As you imply here, religion used to be the medium of cultural preservation. Other than a religious revival, how can we get back to that vision?
As I mention in the linked post, "As an act of rebellion against technology, I try to be phone-free in the mornings. I defied our technological overlords..."
(Yes it's morning and the technological overlords won, but I was up a lot last night)
Exactly. What I think is that... wait, someone is texting me
1) The framing of "Two Parent Privilege" is godawful and possibly deliberately malicious. The word "privilege" implies an illegitimate right granted by society, and especially in today's context it implies that should be dismantled. Having sensible parents is definitely not that, and using the word "privilege" is, knowingly or not, an attack on what's left of the American nuclear family.
2) The decline in marriage (lower marriage rates, later marriage, less happy marriages) begins around 1970 and is basically linear until the present. I don't think this is consistent with the "modern media outcompetes marriage" hypothesis, but it is entirely consistent with the feminism + welfare hypothesis. In this model, no-fault divorce + child support greatly reduces men's incentive to marry - we don't get the major benefit of pre-70s marriage, which is a reasonably secure family to call our own. We instead have to hope our wives have enough foresight not to take our kids and money and leave us if they become unhappy for any reason, which of course rules out half of the time preference bell curve right off the bat. On women's side, the social stigma of single motherhood is basically gone, and women - particularly single mothers - collectively receive massive transfers from the state, paid for mostly by married fathers (who are by far the most productive of the married/unmarried men/women combinations). Being able to get men's money without having to give anything in return is of course an attractive deal, and so women's incentives to marry are also greatly reduced. And since fewer marriage-minded women makes life harder for marriage-minded men and vice-versa, this feeds on itself. Obvious solutions: welfare for children should go to married fathers (who pay the taxes), divorce should require fault, and we start "slut-shaming" again. I doubt this would restore the golden age of marriage from the 40s-60s (which was plausibly in part due to anomalously low female workforce participation), but it would probably be enough to return us to more historically normal late 19th/early 20th century norms.

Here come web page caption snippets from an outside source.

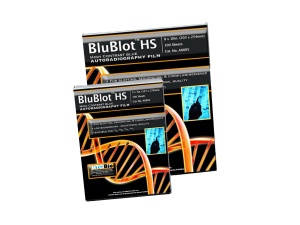A8803, MTC BIO BluBlot™ HS Autoradiography film, 5x7in, 100 sheets/box - BX - MTC Bio - ELECTROPHORESIS AND WESTERN BLOT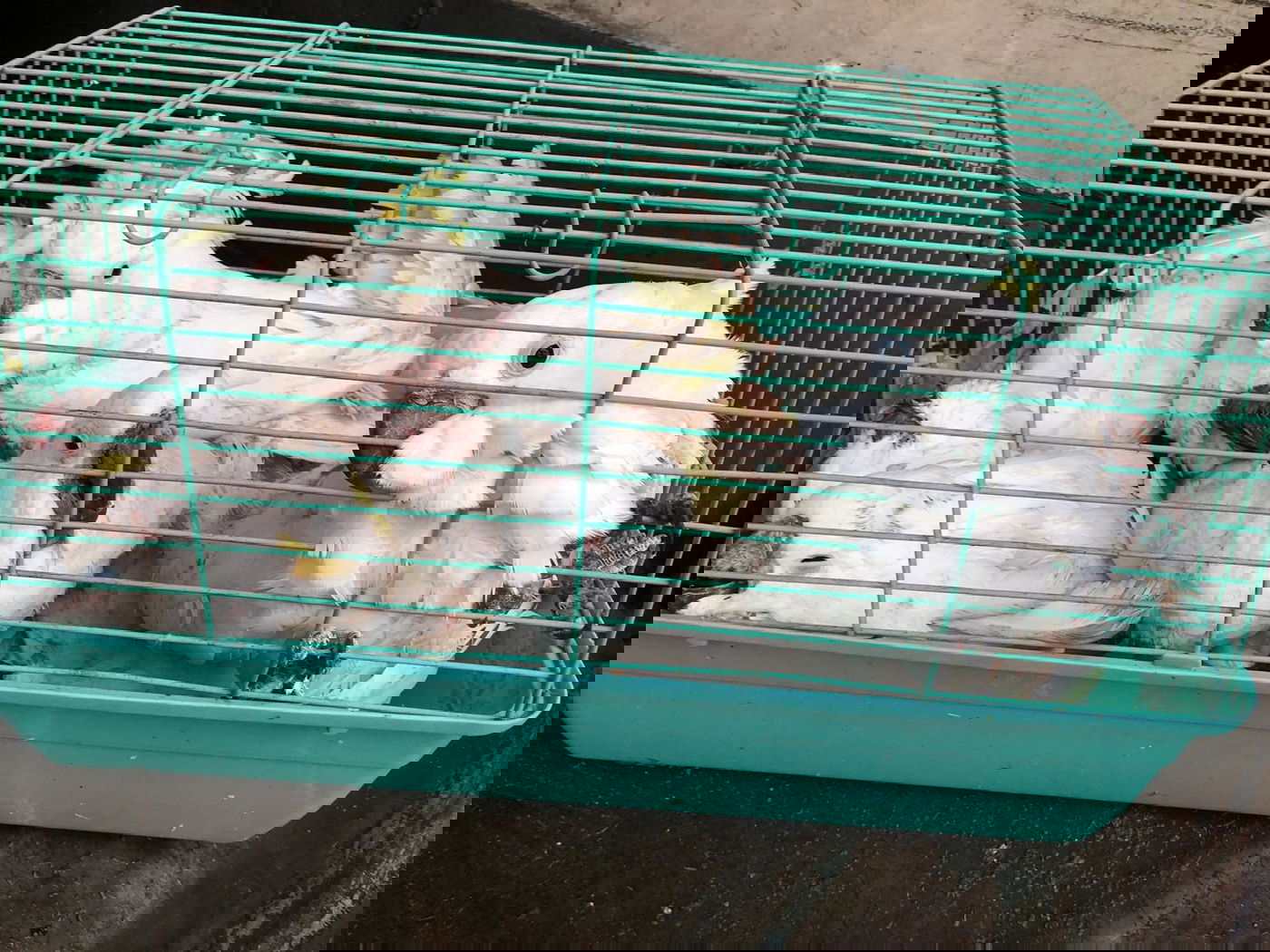 צפו: גנב תוכים נשלף מרכבו באמצע הכביש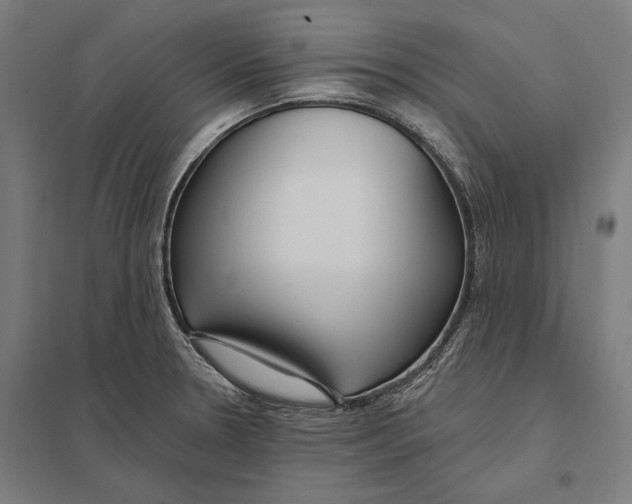 X0000097751330200803281600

“I believe that to marry and raise children requires a strong sense of connection and continuity. You have to feel, and to want to feel, like part of a historical chain that connects backward to your ancestors and forward to your descendants.”
“You are a link in a chain extending back generations and you are responsible for its future”
How many people get taught this? None of my peers from what I could tell. Growing up, all my friends hated their parents. I always felt awkward because I loved my family. My place in this chain has always been the most important thing in my life. I”m grateful for this.
There is also a distinction between urgency and impatience. Urgency involves a strong preference (or sentiment) for early *action*. Impatience involves a strong preference (or sentiment) for an early *outcome*.
Urgency is compatible with timely initiative to make prompt progress towards achievement of a long-term plan.
Impatience tends to work at cross-purposes with steady progress towards achievement of long-term plans.
Awareness of the problem, then a conscious and determined decision to push bask are both necessary but not sufficient. It is no easy thing to push back.
I know a couple who after getting married about ten years ago had six children in nine years. I continually tell them that they are doing more for the US economy than all of the US economists combined No offense Dr Kling).
Would be interesting to see a breakdown between two career married couples and whether their children married, and if so at what age, vs where there was a stay at home mom.
>>The decline in marriage among parents in the U.S. has not been replaced with a corresponding rise in unmarried parents stably living together for the long haul and essentially being married in all but name. In the U.S., cohabitation is a very fragile arrangement.
As a person being married in all but name in Sweden, I say that the choice between cohabitation and marriage is probably decided by laws and financial incentives to a large extent. There is exactly one legal reason for Swedes to get officially married: death. Spouses inherit each other, while people who cohabit don't. There can also be problems if a legally unmarried woman dies in childbirth, before she has had the opportunity to state the name of the father of her child. Otherwise, there are zero incentives for people in Sweden to get officially married. No tax incentives or other material benefits. Marriage just seems like another unnecessary layer of bureaucracy. Typically, people get married after a number of years and children together, when they are getting a bit bored and want a reason to throw a big party.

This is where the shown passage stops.